Como la pieza de la vieja daba al fondo de la casa, pegado a un terreno baldío, nos trepamos a un árbol y le hicimos un agujero al techo de chapa. Dos agujeros, porque la nena también quería mirar. A la siesta nos acomodamos en primera fila y cuando comenzó la función nos pusimos locos. Yo no sé si es normal o no, pero a mí se me paró y la nena se puso toda colorada, como con fiebre. Tenías que verlo. El tipo tenía una pija que en ese entonces me pareció inmensa. Y ahora que me acuerdo, puedo decirte que era grande, no más. ¡Pedazo de marlo! Y la vieja estaba refuerte. Claro que cuando te digo vieja te hablo para un pibe de nueve años. La mina no tendría más de treinta años, medio gordita, pero firme y con unas tetas que parecían dos número cinco. ¡Si me habré pajeado pensando en esas tetas!
Al rato con la nena bajamos del árbol y nos fuimos a jugar a la piecita donde jugábamos siempre. Fue, como diríamos hoy en términos legales, de mutuo acuerdo. No fue más que entrar en la piecita y nos empezamos a desnudar. Yo tenía la pijita dura, ella se puso como la mamá, con las rodillas a la altura de las orejas, y yo me mandé al fondo moviéndome como lo había visto al tipo.
Yo sé que a esa edad no se acaba, pero después de serruchar un rato, capaz que de cansancio, no más, me daba como un escalofrío, y como había visto que el tipo se tiraba al costado y suspiraba, yo hacía lo mismo. La nena, imitando a la mamá, me abrazaba y me acariciaba el pito ¡Era de lindo!
La cuestión es que a partir de esa siesta todos los días esperábamos que llegase el macho de la vieja y no encerrábamos en la piecita a coger. Bah, que se yo, a jugar a coger. Porque para nosotros eso era un juego. Claro que el día que la vieja nos pescó, se acabó el juego y a mi casi me tienen que hacer la raya del culo de nuevo de tantos alpargatazos que ligué. Pero ves, a mí en vez de traumarme me convenció de que todo el mundo estaba equivocado. Hacían un escándalo porque uno se echaba un polvito y ellos vivían todo el día deseando hacerlo.

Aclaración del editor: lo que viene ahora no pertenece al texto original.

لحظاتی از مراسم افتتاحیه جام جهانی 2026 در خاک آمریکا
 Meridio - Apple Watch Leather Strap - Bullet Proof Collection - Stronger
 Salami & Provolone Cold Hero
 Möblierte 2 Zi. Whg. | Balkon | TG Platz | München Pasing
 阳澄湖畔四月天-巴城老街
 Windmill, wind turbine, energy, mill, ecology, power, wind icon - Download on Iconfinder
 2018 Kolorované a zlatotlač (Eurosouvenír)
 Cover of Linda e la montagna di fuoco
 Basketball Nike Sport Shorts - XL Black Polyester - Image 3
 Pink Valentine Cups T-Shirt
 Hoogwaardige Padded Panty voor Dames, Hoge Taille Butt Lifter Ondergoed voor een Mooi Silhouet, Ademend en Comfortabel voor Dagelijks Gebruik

Mientras que todos pensaban que coger era un pecado yo crecí creyendo que coger es una cosa divertida, que si los dos o los tres o los que sean que participan de la joda, están de acuerdo, no hay en eso nada malo. Resulta que cualquier boludo decide hacer una fiesta para mirar el partido del mundial y se reúnen chiquicientos tipos, chupan, morfan, gritan cada vez que otro boludo mete un gol y nadie piensa que son unos degenerados por estar perdiendo el tiempo al pedo. Pero si uno se encuentra con un par de amigos y un par de amigas y se decide a hacer una fiesta divertida, morfando, chupando y cogiendo, uno es un degenerado.
Bueno, te decía que la vieja nos dio la cana una tarde de sábado en la que parece que estaba con la regla y la función duró mucho menos de lo habitual y al salir de la pieza escuchó a la nena pegando grititos como ella, porque la nena la imitaba que era una maravilla, y ahí se pudrió todo. Ligó ella, ligué yo, cuando llegué a casa ligué de nuevo por parte de mi vieja, cuando llegó mi viejo volví a ligar y no ligué más porque no tenía más parientes.